Re: [PATCH] ext4: fix marking group trimmed if all blocks not trimmed

From: tytso
Date: Fri Aug 07 2020 - 18:02:03 EST


On Mon, Aug 03, 2020 at 04:17:44PM +0000, Lazar Beloica wrote:
> When FTRIM is issued on a group, ext4 marks it as trimmed so another FTRIM
> on the same group has no effect. Ext4 marks group as trimmed if at least
> one block is trimmed, therefore it is possible that a group is marked as
> trimmed even if there are blocks in that group left untrimmed.
>
> This patch marks group as trimmed only if there are no more blocks
> in that group to be trimmed.

This patch makes no sense; first of all, the changes below are *not*
in the function ext4_trim_extent(), but rather ext4_trim_all_free().
It appears that the diff is based off of v5.8-rc2, based on the index
c0a331e, but then I'm not sure how you generated the diff?

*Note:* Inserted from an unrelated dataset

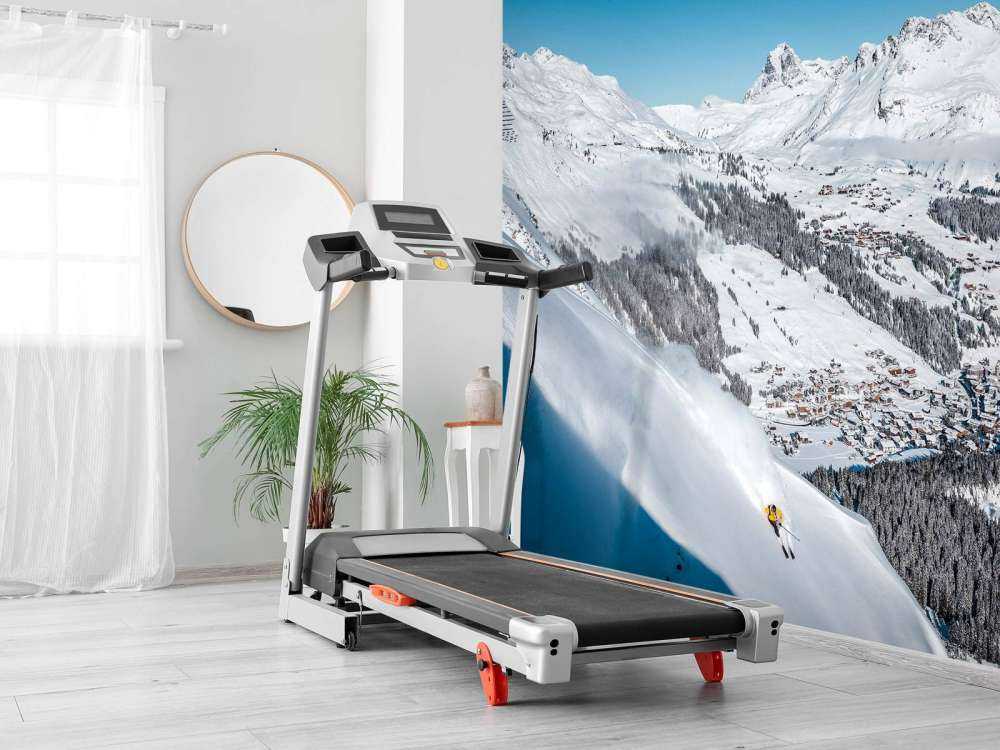 Descente au-dessus du village alpin dans la neige.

Secondly, ext4_trim_all_free(), which is where these two patch hunks
appear:

> diff --git a/fs/ext4/mballoc.c b/fs/ext4/mballoc.c
> index c0a331e..130936b 100644
> --- a/fs/ext4/mballoc.c
> +++ b/fs/ext4/mballoc.c
> @@ -5346,6 +5346,7 @@ static int ext4_trim_extent(struct super_block *sb, int start, int count,
> {
> void *bitmap;
> ext4_grpblk_t next, count = 0, free_count = 0;
> + ext4_fsblk_t max_blks = ext4_blocks_count(EXT4_SB(sb)->s_es);
> struct ext4_buddy e4b;
> int ret = 0;
>
> @@ -5401,7 +5402,9 @@ static int ext4_trim_extent(struct super_block *sb, int start, int count,
>
> if (!ret) {
> ret = count;
> - EXT4_MB_GRP_SET_TRIMMED(e4b.bd_info);
> + next = mb_find_next_bit(bitmap, max_blks, max + 1);
> + if (next == max_blks)
> + EXT4_MB_GRP_SET_TRIMMED(e4b.bd_info);
> }
> out:
> ext4_unlock_group(sb, group);

The function send discards for blocks in a block group which are
freed. So setting max_blks to be ext4_blocks_count() and then using
it as the limit to mb_find_next_bit() makes no sense. First of all
next will never be equal to max_blks, since next is an offset relative
to the beginning of the block group, and max_blks is set number of
blocks in the entire file system.

Secondly, mb_find_next_bit is searching a bitmap, which is a single
file system block (e.g., 4k in a 4k block file system). So if
max_blks is the the number of blocks in (for example) a 10TB file
system, this is going to potentially cause a kernel oops.

How, exactly did you test this patch?

- Ted